- [WHAT IS BEING ASKED] Omitting all images, transcribe the entries word for word.

- [Records from a data collection]
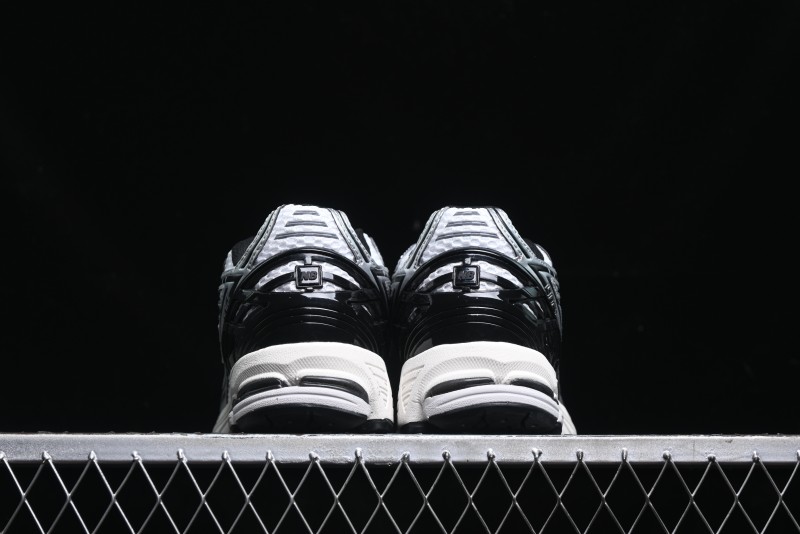 New Balance 1906 Series Retro Dad Style Casual Running Shoes - M1906RER
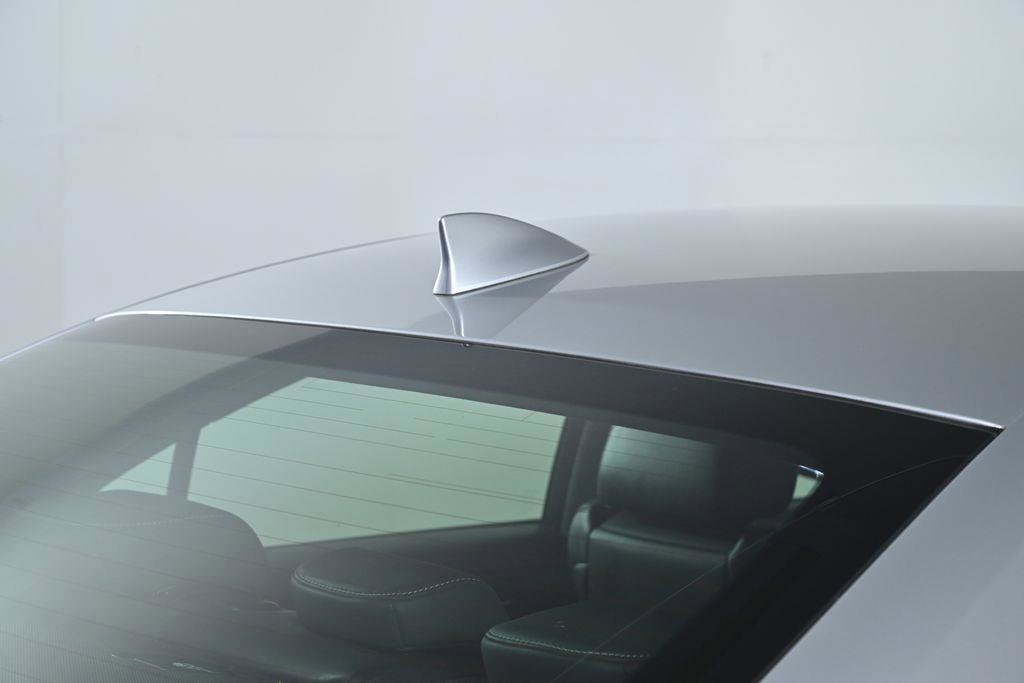 Used 2019 Lexus IS 300 F Sport w/ F Sport Package image 10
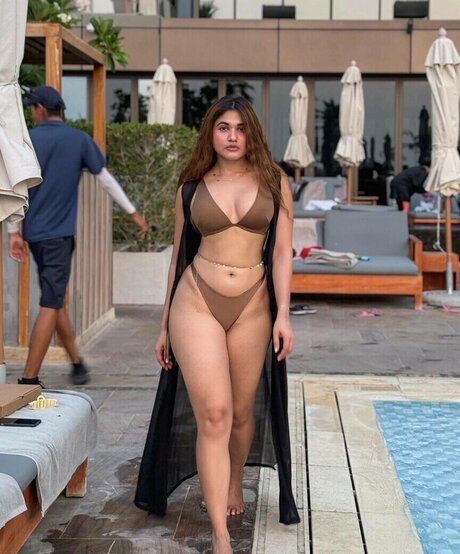 Soniya Khatri ヌードスター 写真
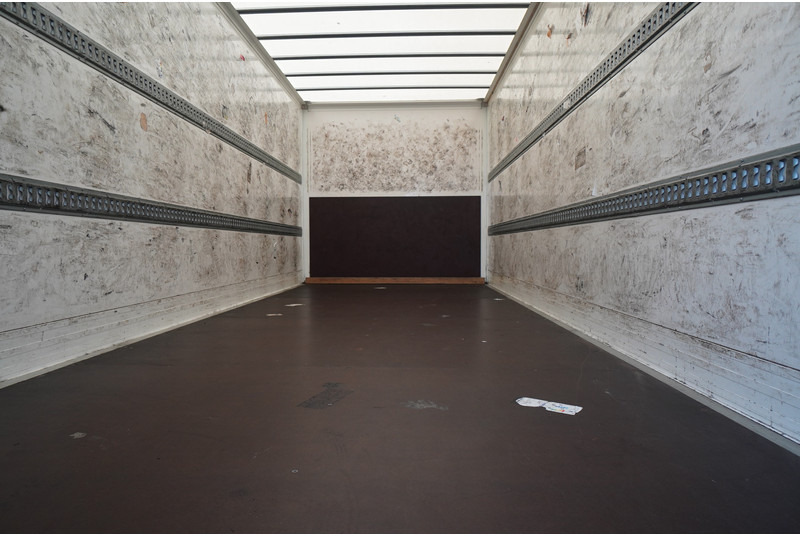 Volvo FL 210 CLOSED BOX 665.200KM - Caminhão furgão: foto 5 Volvo FL 210 CLOSED BOX 665.200KM - Caminhão furgão: foto 5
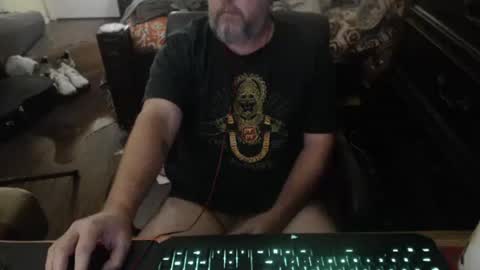 bighugmugg online show from November 30, 2025, 5:50 pm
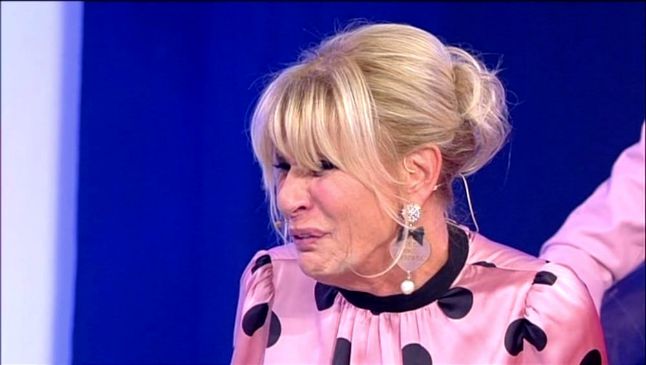 Galleria foto 'Uomini e Donne Anticipazioni, Trono Over: Gemma disperata a causa di Juan Luis' - foto 1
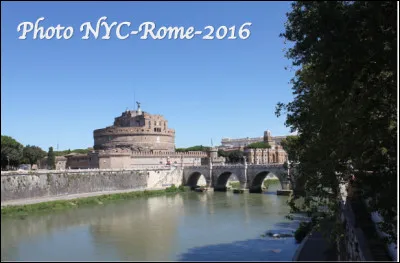 Quel est ce fleuve italien qui se jette dans la mer Tyrrhénienne et qui avant arrose la ville de Rome ?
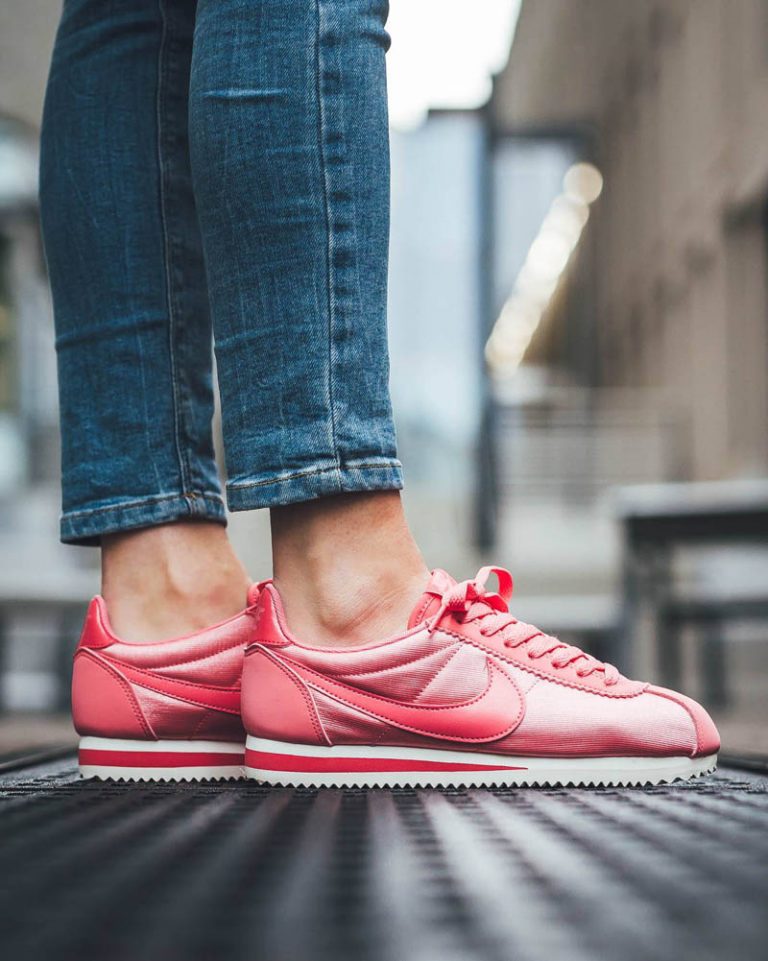 coral nike cortez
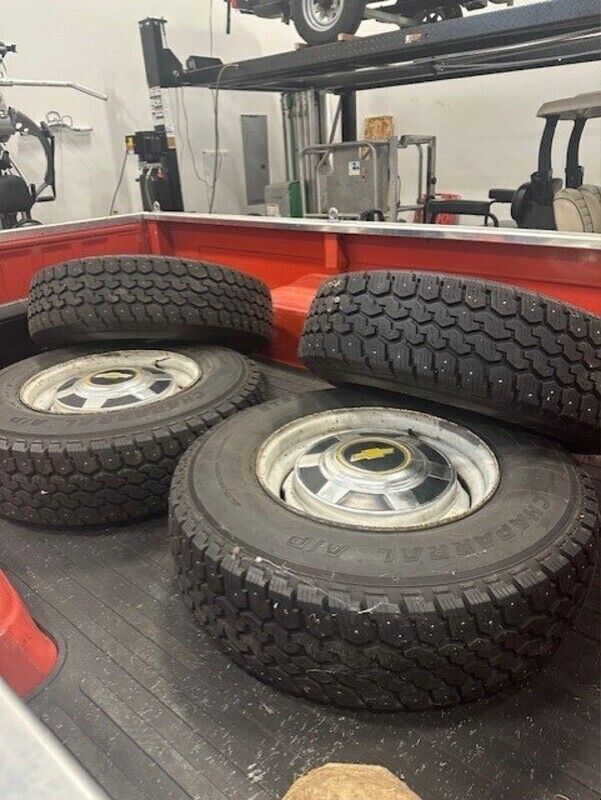 Gebraucht Chevrolet C20 230 PS (169 kW) 1977 Rot Abholung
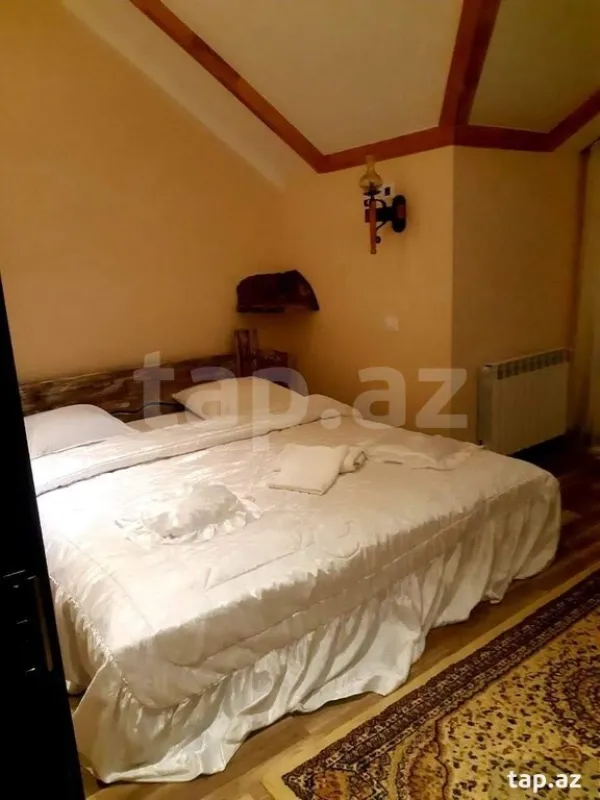 Kirayə verilir 6 otaqlı həyət evi 250 m²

- [SOLUTION BELOW]
 New Balance 1906 Series Retro Dad Style Casual Running Shoes - M1906RER
 Used 2019 Lexus IS 300 F Sport w/ F Sport Package image 10
 Soniya Khatri ヌードスター 写真
 Volvo FL 210 CLOSED BOX 665.200KM - Caminhão furgão: foto 5 Volvo FL 210 CLOSED BOX 665.200KM - Caminhão furgão: foto 5
 bighugmugg online show from November 30, 2025, 5:50 pm
 Galleria foto 'Uomini e Donne Anticipazioni, Trono Over: Gemma disperata a causa di Juan Luis' - foto 1
 Quel est ce fleuve italien qui se jette dans la mer Tyrrhénienne et qui avant arrose la ville de Rome ?
 coral nike cortez
 Gebraucht Chevrolet C20 230 PS (169 kW) 1977 Rot Abholung
 Kirayə verilir 6 otaqlı həyət evi 250 m²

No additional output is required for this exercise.